Farmers lost money and much of their traditional influence on national affairs, but they too worked to establish the organizations and methods that would preserve their place in American life. Businessmen faced devastating competitive forces and financial chaos in the marketplace, but they developed the new structures and strategies that would allow modern American corporate capitalism to flourish. And citizens endured antidemocratic rule by
corrupt machine politicians, but they began to push for the
reforms that would soon restore a measure of democracy to urban politics.
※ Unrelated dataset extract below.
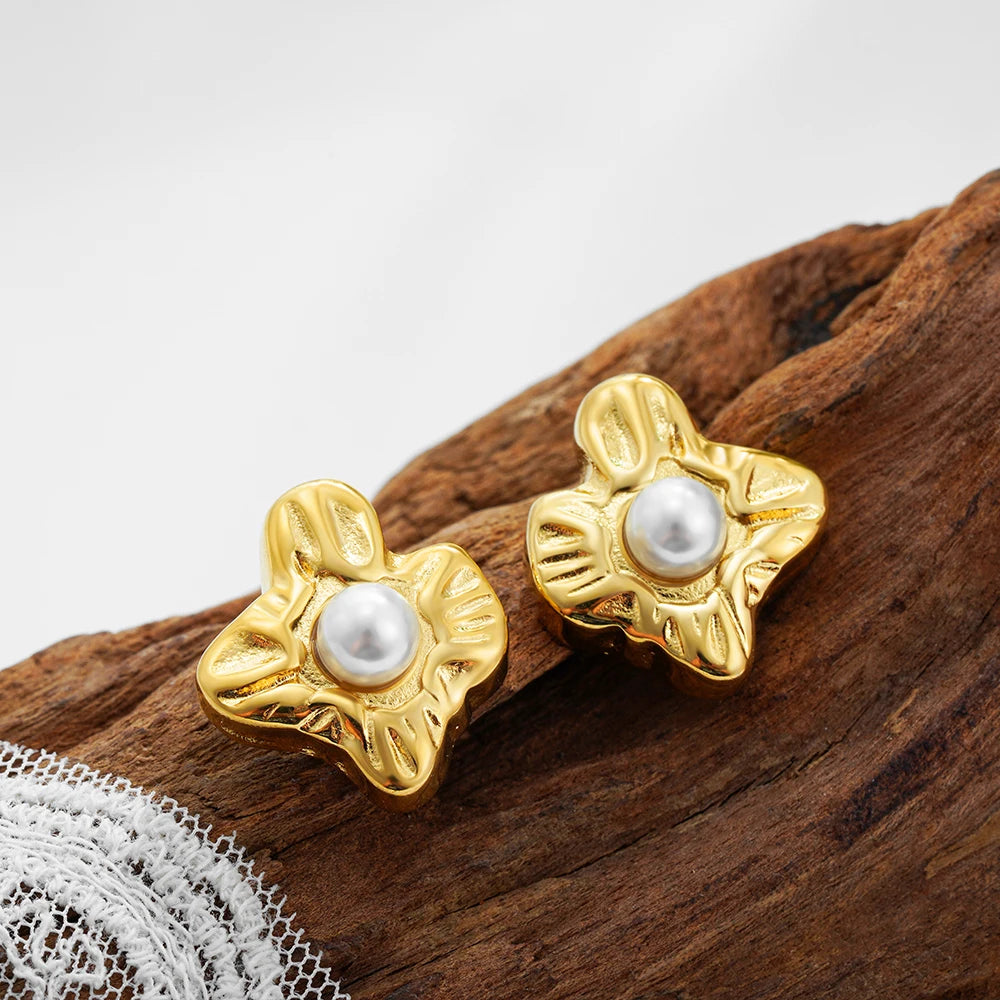 Elegant Stainless Gold Plated Pearl Steel Earrings for Women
The Gilded Age, therefore, may be educative—especially since many people believe that we have been living in something like
our own "gilded age" in recent decades. Over the past thirty years, national wealth has grown exponentially, as has the opportunity for successful entrepreneurs to achieve stratospheric wealth. That very real opportunity to strike it rich has driven a stunning amount of
technological and cultural innovation, transforming the way all of us—rich and poor alike—live our lives. At the same time, however,
wages and incomes at the middle and lower ends of the socio-economic scale have remained flat for decades, with many ordinary people feeling now less and less secure in their ability to keep their jobs, pay their mortgages, afford their retirements, or even see their doctor when they're sick or injured. In our own era's simultaneous growth in both opportunity and insecurity, many see have seen echoes of the late nineteenth century.
Eventually the pervasive insecurity of the original Gilded Age inspired a major period of reform known as the
Progressive Era. Many of the solutions earlier advanced by workers and farmers were adopted by middle-class activists and reform-minded leaders within business and government, all of them anxious to correct what they saw as troubling inequities in America's economic and political order. (Of course, the
Progressives' solutions often created entirely new problems of their own—but that's a different story, one you can read here.)
More to the point: as we examine the complexity of the late nineteenth century, we might consider whether there is a creative subtext to
our own "gilded age," if indeed we are living in one. Are we on the verge of another "progressive era"? If so, how should we define "progress"?
Do the Americans who lived through the original Gilded Age have anything useful to teach us?